Effect of Heat Treatments on the Corrosion Resistance of a TRIP Steel and Its Evaluation by Non-Destructive Testing

The development of advanced high-strength steels (AHSS) for the automotive industry requires optimizing the balance between mechanical properties and durability in aggressive environments. This study investigates the effects of two heat treatment routes on the microstructure and corrosion resistance of a transformation-induced plasticity (TRIP) steel (Fe-0.2C-1.75Mn-0.5Si-1Al). Route A includes a full austenitizing step at 1000 °C prior to intercritical annealing, whereas Route B omits this step and begins directly with intercritical annealing at 800 °C. Microstructural characterization (SEM/XRD), electrochemical assays, and eddy current tests were employed.

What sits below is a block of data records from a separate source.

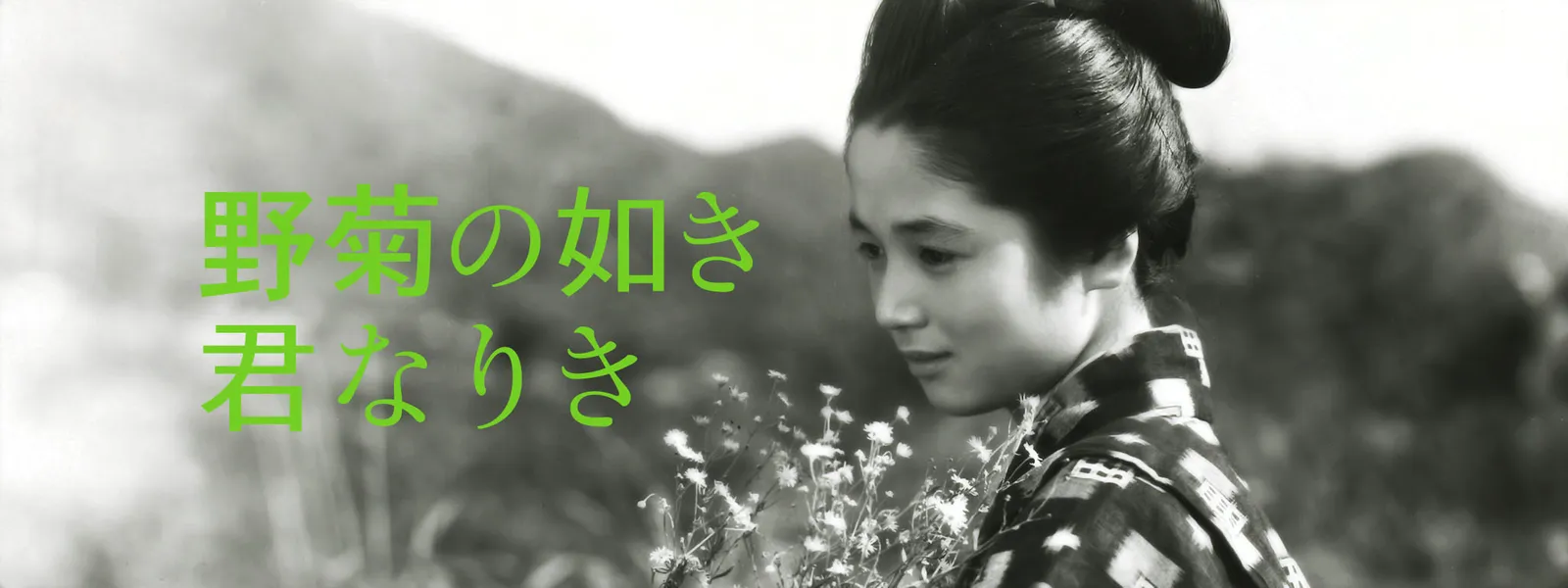 野菊の如き君なりき が見放題 hulu フールー お試し無料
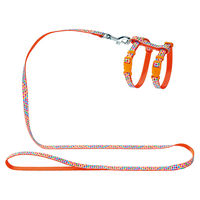 Produktbild von Hunter Smart Welpengarnitur aus Nylon mit Geschirr und Führleine Orange Bunt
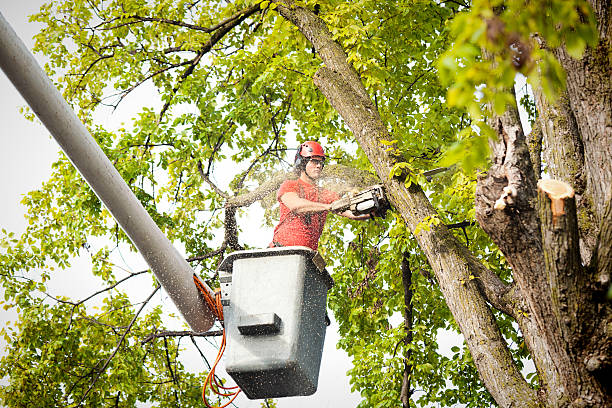  Moore Haven, FL Tree Services Pros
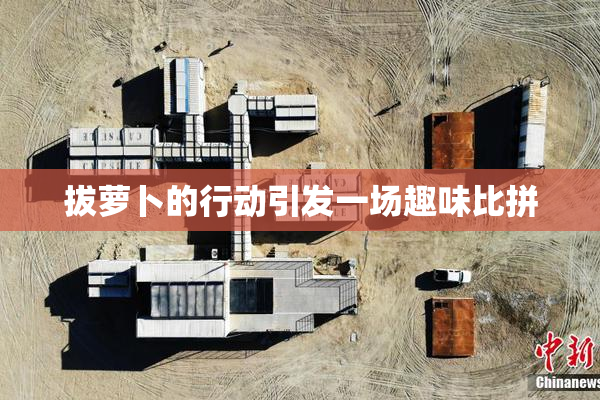 拔萝卜的行动引发一场趣味比拼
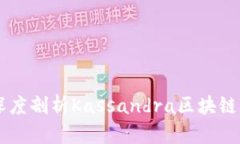 虚拟币KAS：深度剖析Kassandra区块链的未来与价值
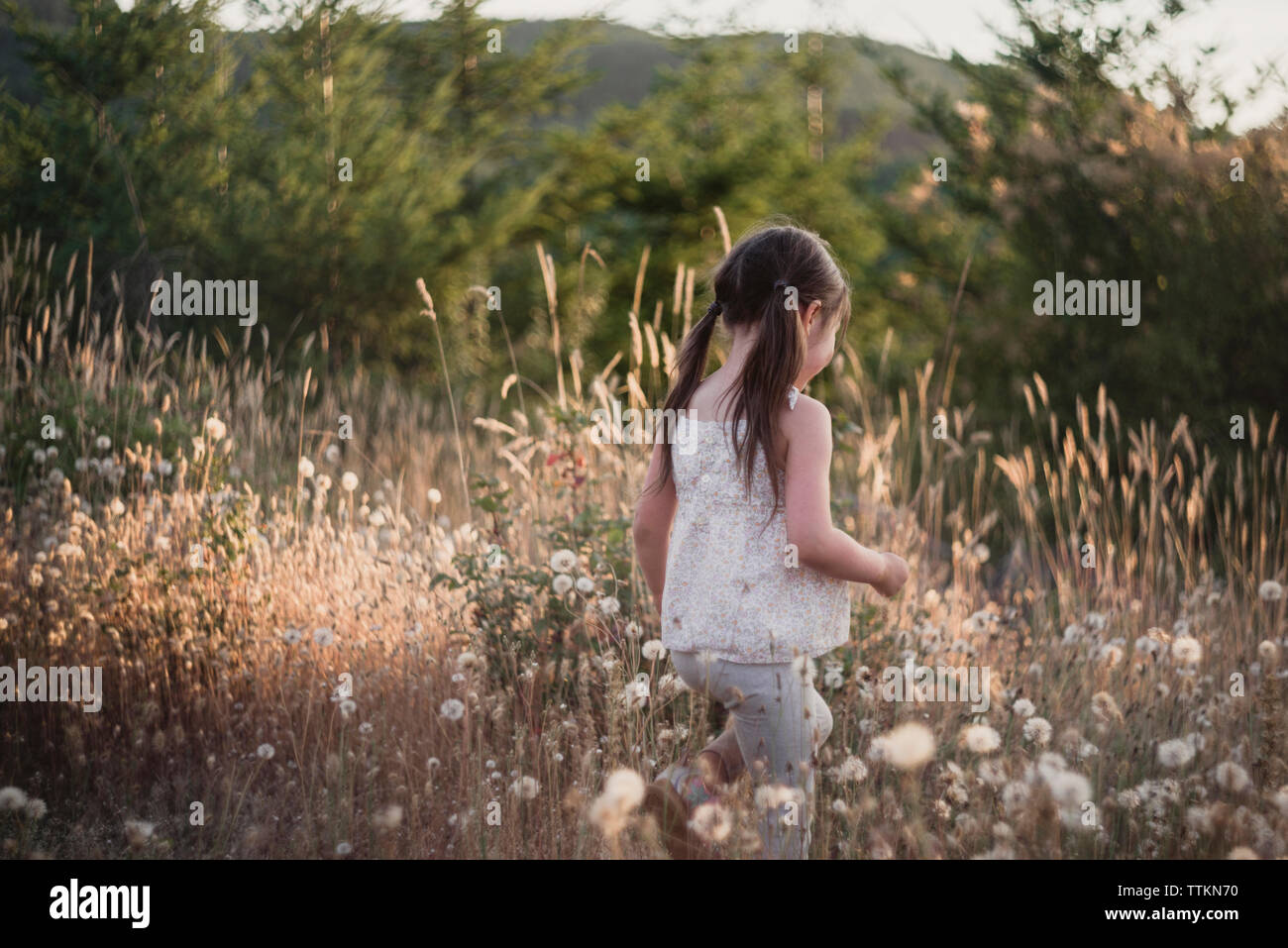 Girl with pigtails walking amidst dandelion field Stock Photo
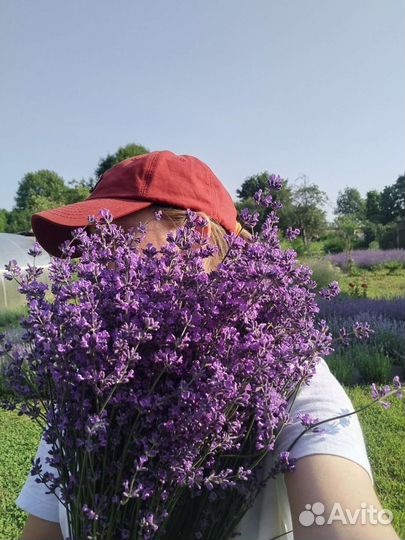 Букетики лаванды сухоцвет 2023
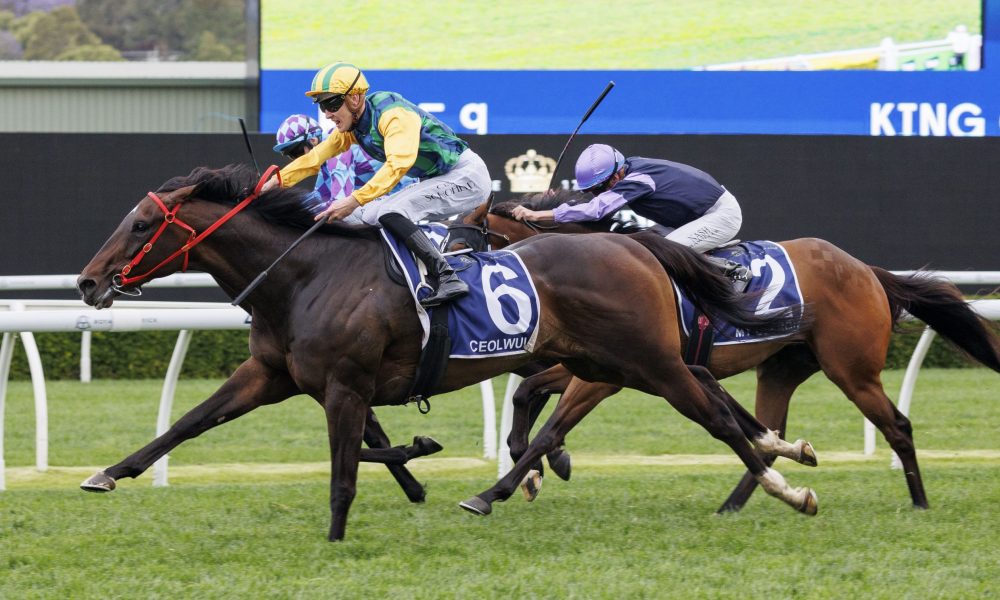 斩获荣誉 斩获荣誉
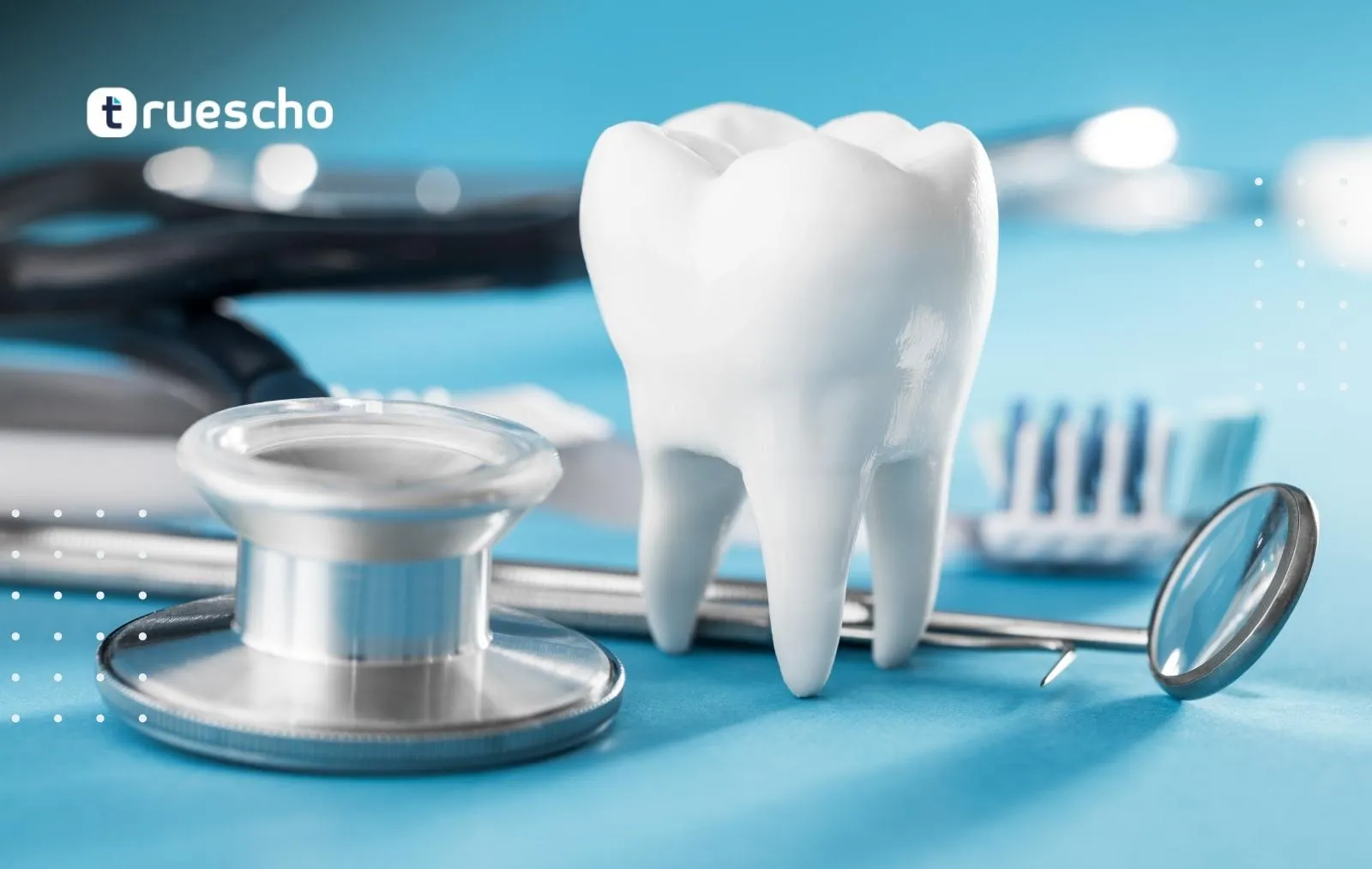 Study Dentistry in Turkey Cost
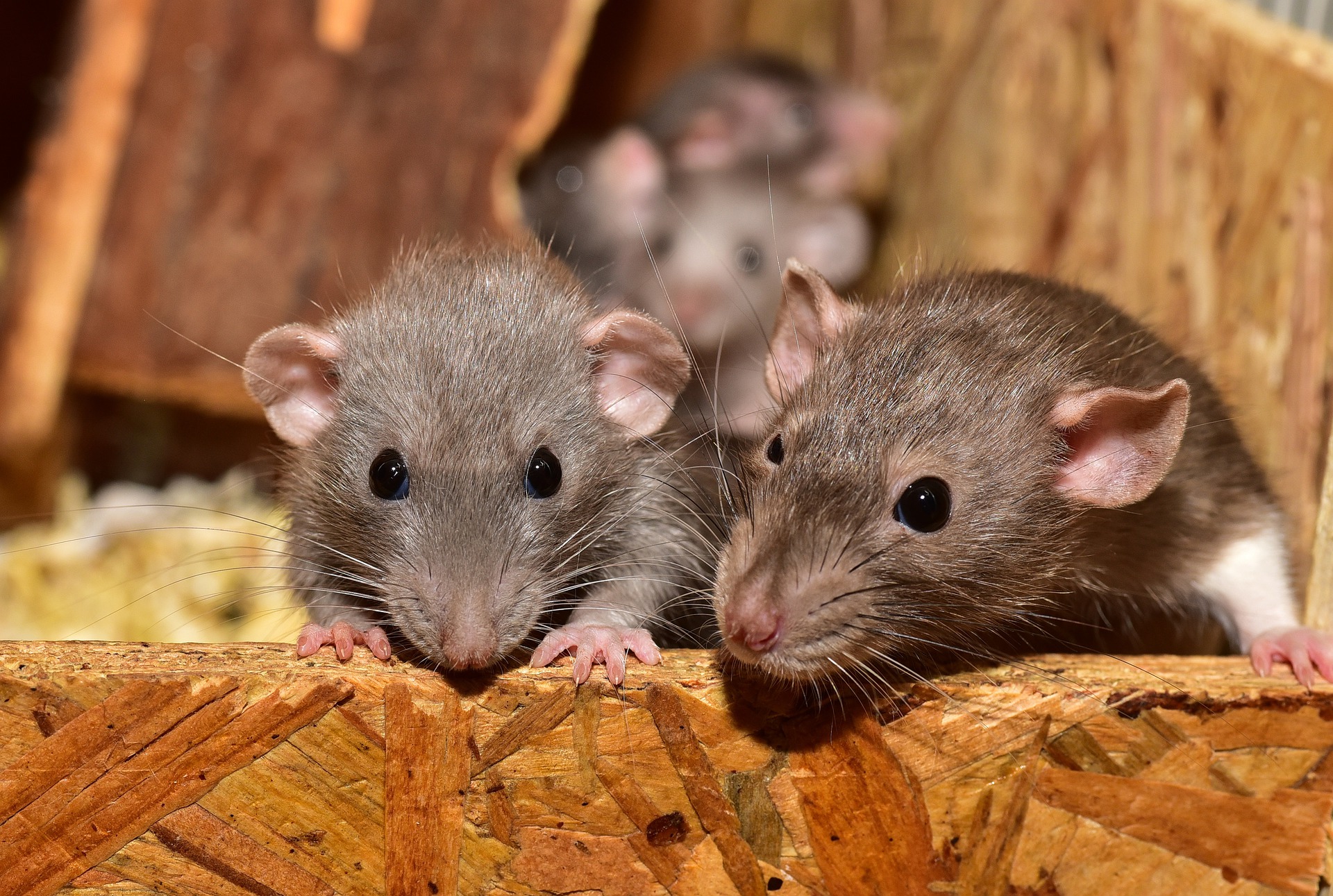 two rats peeking over a ledge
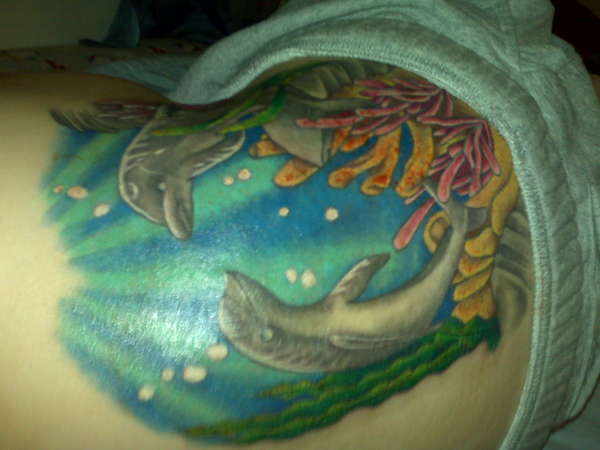 my dolphins tattoo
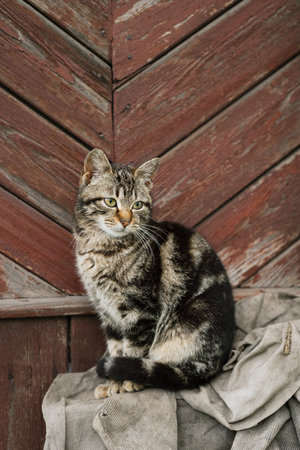 Card with cute cats on a brown wooden wall backgroundの写真素材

The results revealed that Route A yields a homogeneous microstructure with 12.7% retained austenite, higher than the 7.7% obtained with Route B. Electrochemically, the steel from Route A exhibited the greatest resistance, with the lowest corrosion current density (icorr) of 3.72 µA/cm2 and a more noble corrosion potential (Ecorr) of −743 mV compared to SCE. The improvement mechanism is that the homogeneity induced by complete austenitization minimizes the formation of internal galvanic cells between phases; likewise, the higher austenite fraction provides superior chemical stability, which favors denser passivation. Finally, Route A exhibited the lowest loss of electrical conductivity (16%), validating the use of eddy currents for monitoring the integrity of advanced steels.